Interdisciplinary Program in Bioinformatics, Seoul National University, Gwanak-Gu, Seoul, 151-747, Republic of Korea.
Department of Computer Science and Engineering.
Bioinformatics. 2017 Dec 1;33(23):3827-3835. doi: 10.1093/bioinformatics/btw780.

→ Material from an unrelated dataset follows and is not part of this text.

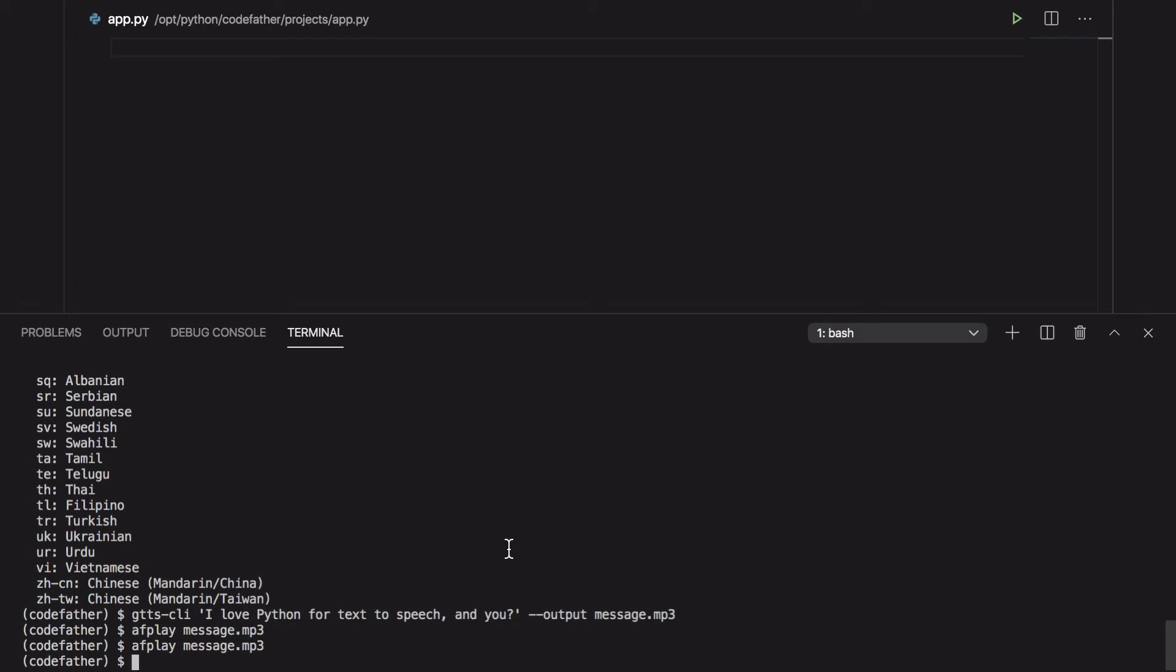I can also use the minus minus lang flag to specify a different language. Here you can see an example in Italian. The message says, I like programming in Python, and you?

Identifying biologically meaningful gene expression patterns from time series gene expression data is important to understand the underlying biological mechanisms. To identify significantly perturbed gene sets between different phenotypes, analysis of time series transcriptome data requires consideration of time and sample dimensions. Thus, the analysis of such time series data seeks to search gene sets that exhibit similar or different expression patterns between two or more sample conditions, constituting the three-dimensional data, i.e. gene-time-condition. Computational complexity for analyzing such data is very high, compared to the already difficult NP-hard two dimensional biclustering algorithms. Because of this challenge, traditional time series clustering algorithms are designed to capture co-expressed genes with similar expression pattern in two sample conditions.

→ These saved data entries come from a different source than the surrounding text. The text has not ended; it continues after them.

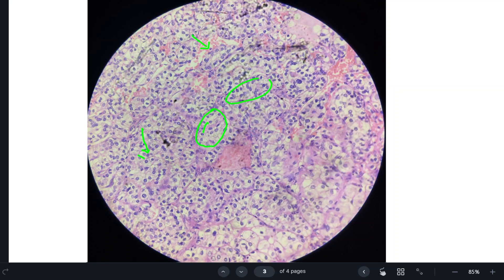Now what is the gross appearance of renal cell carcinoma? It usually occurs in the upper pole of the kidney. It appears as a well-circumscribed lobulated mass, and this mass is golden yellow in color. The golden yellow color is due to abundant lipid in the cytoplasm. They can also have a variegated appearance with varying areas of hemorrhage, cystic change, and necrosis.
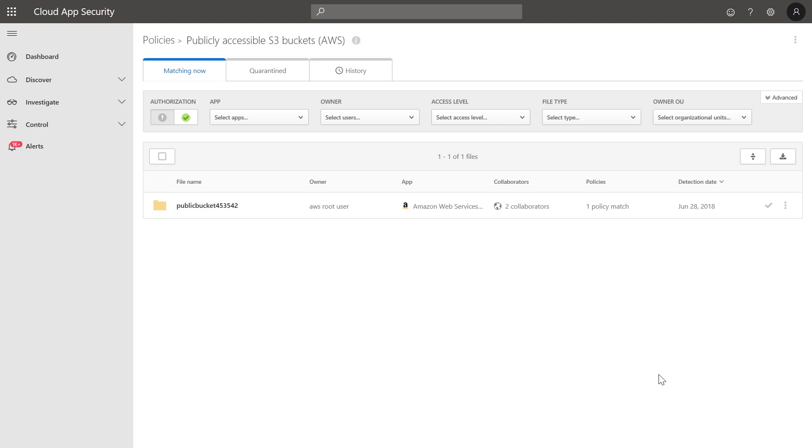Open AWS S3 buckets were the source for multiple large data leakage incidents over the last few years, and attackers were able to identify this bad configuration and exfiltrate sensitive information.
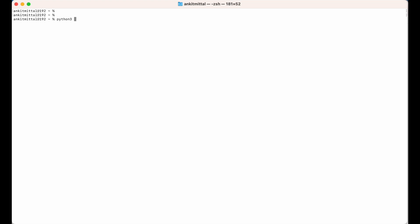To check whether Python is installed in your system or not, you can use the command: python3 --version. If you get a version output, it means Python is installed. Now let's create the virtual environment.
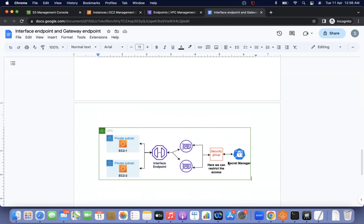The question is how to restrict which EC2 instance uses the interface endpoint. I want one EC2 instance to communicate via the interface endpoint and another to go via the route table. The restriction can be done via the security group, because when creating an interface endpoint we do not specify any route table. On the security group, we can allow only the IP of the specific EC2 instance. When communication goes through, it reaches the ENI and the security group checks if the respective IP is allowed, then it reaches Secrets Manager.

We present a triclustering algorithm, TimesVector, specifically designed for clustering three-dimensional time series data to capture distinctively similar or different gene expression patterns between two or more sample conditions. TimesVector identifies clusters with distinctive expression patterns in three steps: (i) dimension reduction and clustering of time-condition concatenated vectors, (ii) post-processing clusters for detecting similar and distinct expression patterns and (iii) rescuing genes from unclassified clusters. Using four sets of time series gene expression data, generated by both microarray and high throughput sequencing platforms, we demonstrated that TimesVector successfully detected biologically meaningful clusters of high quality. TimesVector improved the clustering quality compared to existing triclustering tools and only TimesVector detected clusters with differential expression patterns across conditions successfully.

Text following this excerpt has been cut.